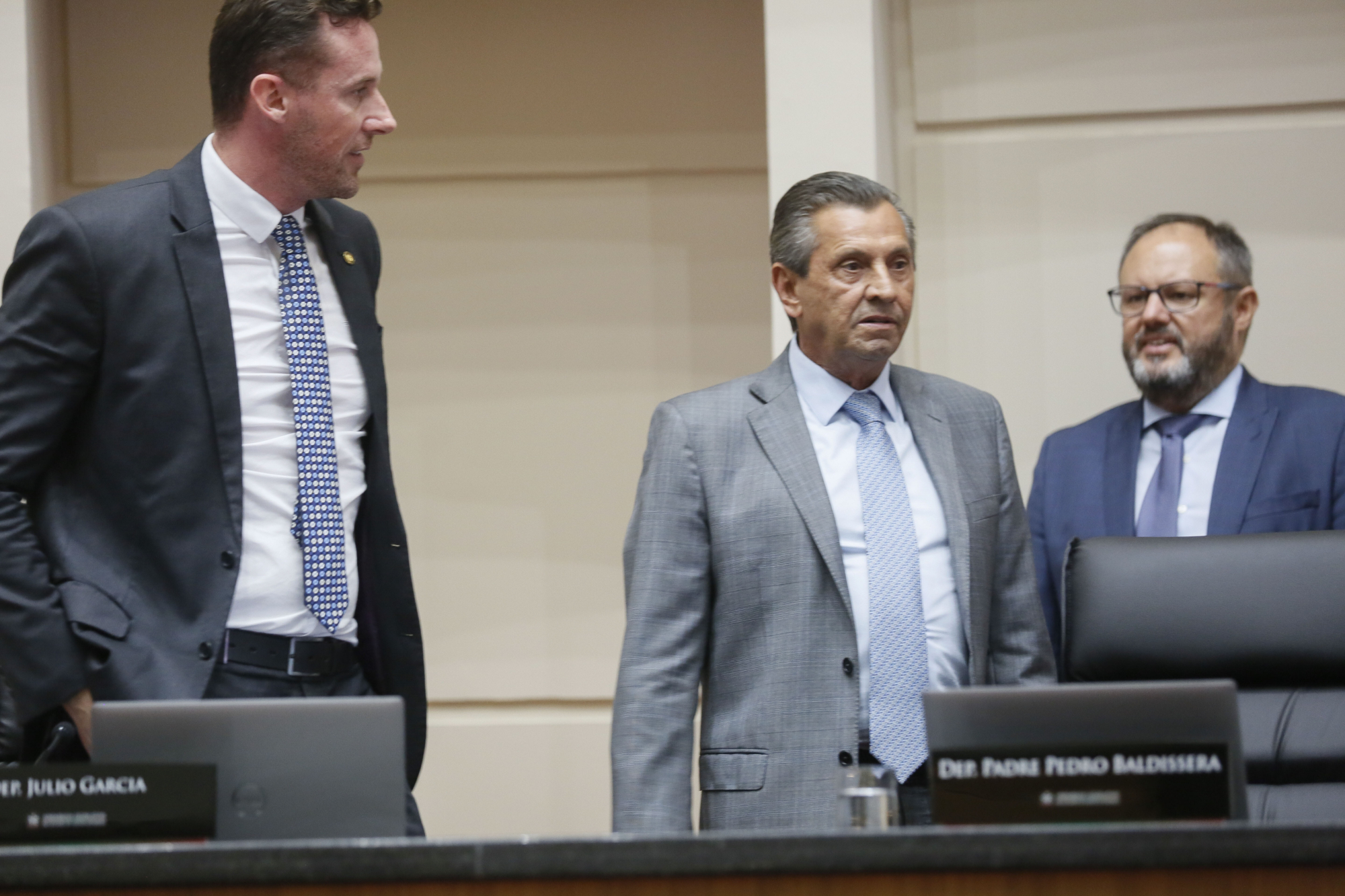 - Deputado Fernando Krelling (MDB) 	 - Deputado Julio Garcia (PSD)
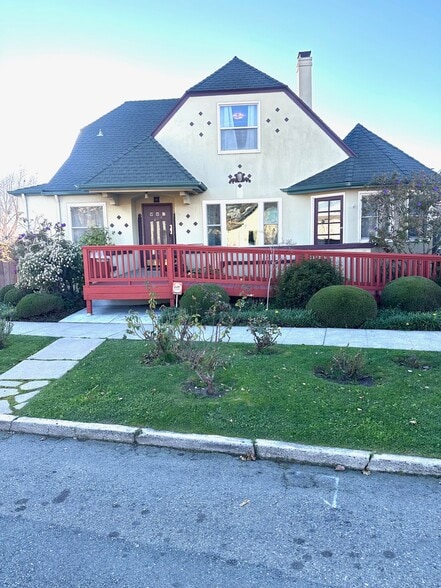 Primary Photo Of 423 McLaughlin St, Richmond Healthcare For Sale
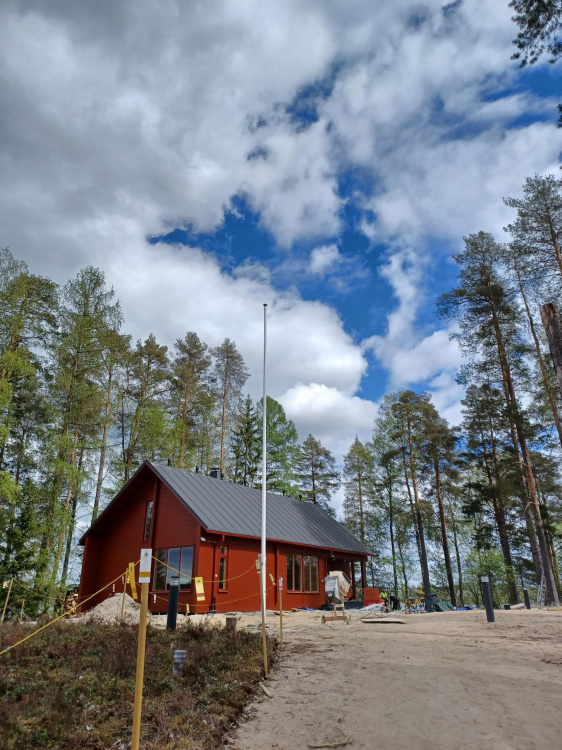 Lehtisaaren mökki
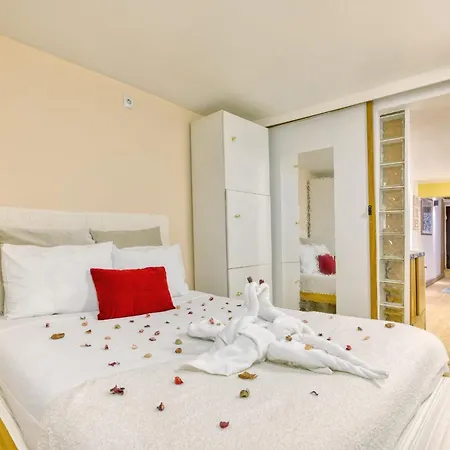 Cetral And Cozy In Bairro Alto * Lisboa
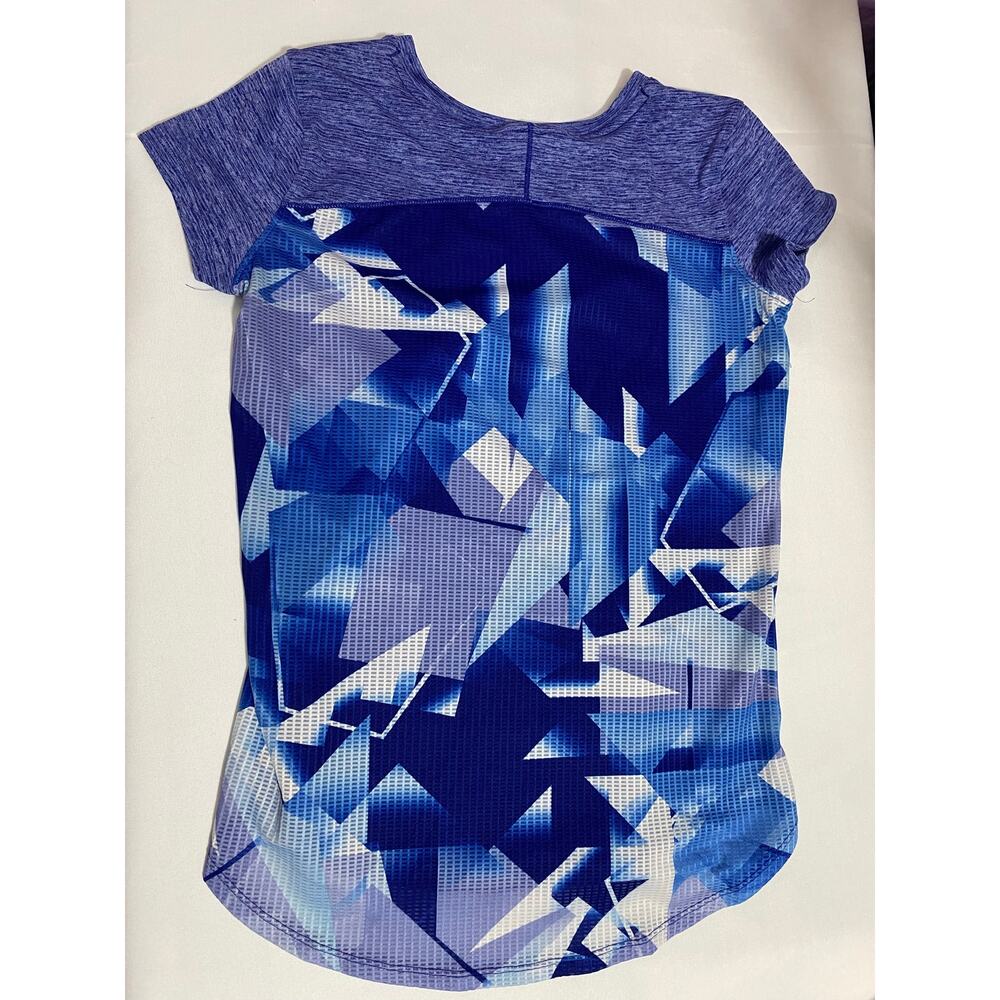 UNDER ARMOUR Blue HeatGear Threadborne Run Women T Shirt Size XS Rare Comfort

EXERCISE INSTRUCTIONS:
Set the entire listing down again, exact in every line, without any pictures.

TASK ANSWER:
 - Deputado Fernando Krelling (MDB) 	 - Deputado Julio Garcia (PSD)
 Primary Photo Of 423 McLaughlin St, Richmond Healthcare For Sale
 Lehtisaaren mökki
 Cetral And Cozy In Bairro Alto * Lisboa
 UNDER ARMOUR Blue HeatGear Threadborne Run Women T Shirt Size XS Rare Comfort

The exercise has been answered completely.